Minister – Well that’s precisely,  the freedom of expression that you’ve just outlined Mike, is precisely  what’s proposed in [the consultation] document".

Trouble is the consultation document proposes nothing of the sort. Note how carefully its scope is limited (pages 33 to 39 of the pdf):

"Freedom about what victims may say in a VIS

"Some victims believe they should have more freedom about what they may say in a VIS.  Having more freedom in what they say in a VIS would enable victims to feel more involved in the justice system, and ensure that they have had the opportunity to fully voice their views about the offending.

"The purpose of the VIS is to inform the Judge about the effect of the offence on the victim.  The Judge uses this information along with the submissions of counsel and the pre-sentence report provided by the Department of Corrections to decide on an offender’s sentence.  Providing information unrelated to the purpose of the VIS risks undermining its object and may slow down the Judge’s decision-making. 

"We therefore propose that guidelines be developed for all the agencies or persons who assist victims in preparing a VIS.  These guidelines will ensure that victims may more freely express themselves in a manner that is consistent with the purpose of the VIS.

 "Preliminary proposal 13 –

"We seek your views on the proposal to develop guidelines that will ensure victims may more freely express themselves in a VIS, in a manner that is consistent with the purpose of the VIS."  

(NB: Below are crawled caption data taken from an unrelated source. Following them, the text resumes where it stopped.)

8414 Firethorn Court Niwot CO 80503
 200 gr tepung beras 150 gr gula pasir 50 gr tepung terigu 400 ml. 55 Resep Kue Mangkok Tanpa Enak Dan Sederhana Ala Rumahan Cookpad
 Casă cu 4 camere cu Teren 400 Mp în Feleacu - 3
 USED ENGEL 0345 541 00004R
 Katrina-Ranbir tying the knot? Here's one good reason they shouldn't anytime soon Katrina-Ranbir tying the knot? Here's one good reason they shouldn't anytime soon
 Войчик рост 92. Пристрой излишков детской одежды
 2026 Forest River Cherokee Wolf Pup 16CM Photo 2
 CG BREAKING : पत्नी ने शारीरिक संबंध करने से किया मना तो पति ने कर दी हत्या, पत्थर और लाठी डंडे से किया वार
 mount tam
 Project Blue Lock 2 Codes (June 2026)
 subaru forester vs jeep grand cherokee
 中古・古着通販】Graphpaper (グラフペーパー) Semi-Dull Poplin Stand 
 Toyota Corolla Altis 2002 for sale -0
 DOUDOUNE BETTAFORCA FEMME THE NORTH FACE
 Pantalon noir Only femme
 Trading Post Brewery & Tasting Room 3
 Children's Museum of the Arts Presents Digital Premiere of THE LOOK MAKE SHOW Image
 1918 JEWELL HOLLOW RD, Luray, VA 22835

The words underlined make it very clear. The paper shows no intention whatsoever to allow victims to do more than recite their misery. It shows the opposite – an intention to change nothing at all in this area.

I suspect Minister Power has been misled. The justice anointed are cunning. It takes careful reading to catch them. The Minister has to cover the whole of the Justice and Commerce portfolios. He’s probably stretched too thin to read such reports looking for the weasel words. I’m told by Parliamentary staff there is now no-one in Parliament who reads the stuff the Justice officials produce closely enough the way I did to catch them out in the fine print.

 In the unlikely event that  the Justice Minister does not insist on his policy as described to Mike Hosking, despite his current advisers, the Courts will pay the price. They’ll have to endure many more confrontations with victims.  Decent judges have to apply the law the way it is written. They’ll be forced to add to the pain and anger of determined victims and leave the Courts facing growing outrage, until the law is made simple and clear, until it respects victims at least as much as it panders to criminals and their families.

 For the kinds of issues on which the Minister will need submissions see my previous post on this topic.



  • Jim Maclean
  • December 12th, 2009
  • 7:48 pm

Weasel words once again, both from the legal fraternity and (to a lesser extent) from the Minister himself when the issue cries out for simple plain speaking. The public not only want, but we demand a say in the public forum which calls the person who has wronged us to account. We will vote for those politicians who support this right and vote against those who deny us. It will take time, as each election is a balancing act for what we desire and what we can reasonably achieve, but in time it will be so I am sure.
In years past, I remember silently fuming as John McEnroe carried on like a spoiled child on the tennis court wondering when someone would have the guts to simply pull him up on it and do what any sensible and reasonable person would. Everyone involved was too intimidated by his fame or too hidebound by the rules as they percieved them until a corageous Australian referee disqualified him from his match, rather than simply wilting before his tirade.
It was only this disqualification which finally bought McEnroe to his senses and put a brake on his shennanigans. Offenders in the court hear nothing of what the sentencing Judge says, and hear every word from their own defence lawyer. There must be room in the courts for the ordinary man (or woman) in the street to have their say. The question is, will this Minister have the balls to face down the sophistry of those who would deny the victims their right to it?